Barnard K, James M P
Biosci Rep. 1984 Mar;4(3):195-201. doi: 10.1007/BF01119654.
An enzyme immunoassay, using finely ground rabbit glomerular basement membrane (GBM) as an antigen, was able to detect sheep anti-rabbit GBM antibodies at serum dilutions of 1:32 000. The particulate GBM bound firmly to plastic micro ELISA plates without the aid of a linking agent, and the antigen-coated plates remained stable for several months when stored at -70 degrees C. There were no appreciable differences between amino acid compositions of ground and whole GBM, and no detectable loss of antigens occurred during the grinding procedure. Competitive inhibition assays with collagenase and pepsin digests of rabbit GBM demonstrated preservation of collagenous and non-collagenous antigens in the ground GBM. The assay should prove to be a relatively simple and highly sensitive technique for detecting antibodies to a wide spectrum of GBM antigens.
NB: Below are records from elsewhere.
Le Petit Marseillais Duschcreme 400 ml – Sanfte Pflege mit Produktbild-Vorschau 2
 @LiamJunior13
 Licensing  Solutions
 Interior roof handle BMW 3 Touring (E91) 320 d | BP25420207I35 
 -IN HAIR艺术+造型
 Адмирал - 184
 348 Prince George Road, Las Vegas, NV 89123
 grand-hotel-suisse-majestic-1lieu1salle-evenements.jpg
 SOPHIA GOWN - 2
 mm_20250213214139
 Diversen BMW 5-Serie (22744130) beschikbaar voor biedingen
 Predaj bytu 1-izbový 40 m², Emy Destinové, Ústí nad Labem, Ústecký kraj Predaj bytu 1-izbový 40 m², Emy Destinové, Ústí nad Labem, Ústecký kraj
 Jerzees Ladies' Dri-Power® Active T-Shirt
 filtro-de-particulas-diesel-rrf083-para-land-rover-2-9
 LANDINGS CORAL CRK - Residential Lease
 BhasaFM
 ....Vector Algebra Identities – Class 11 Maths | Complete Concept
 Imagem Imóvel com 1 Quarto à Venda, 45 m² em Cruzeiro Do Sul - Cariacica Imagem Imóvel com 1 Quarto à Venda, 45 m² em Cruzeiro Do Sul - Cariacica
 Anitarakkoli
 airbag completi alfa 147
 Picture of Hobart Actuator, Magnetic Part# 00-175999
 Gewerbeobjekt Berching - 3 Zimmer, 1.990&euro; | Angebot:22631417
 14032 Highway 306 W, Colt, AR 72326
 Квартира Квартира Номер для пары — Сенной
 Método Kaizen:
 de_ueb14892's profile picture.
一种酶免疫测定法,使用精细研磨的兔肾小球基底膜(GBM)作为抗原,能够在血清稀释度为1:32000时检测到羊抗兔GBM抗体。颗粒状GBM在不借助连接剂的情况下牢固地结合到塑料微量酶联免疫吸附测定板上,并且抗原包被的板在-70℃储存时可保持稳定数月。研磨后的GBM与完整GBM的氨基酸组成没有明显差异,并且在研磨过程中未检测到抗原损失。用兔GBM的胶原酶和胃蛋白酶消化物进行的竞争性抑制试验表明,研磨后的GBM中胶原性和非胶原性抗原得以保留。该测定法应被证明是一种相对简单且高度灵敏的技术,可用于检测针对多种GBM抗原的抗体。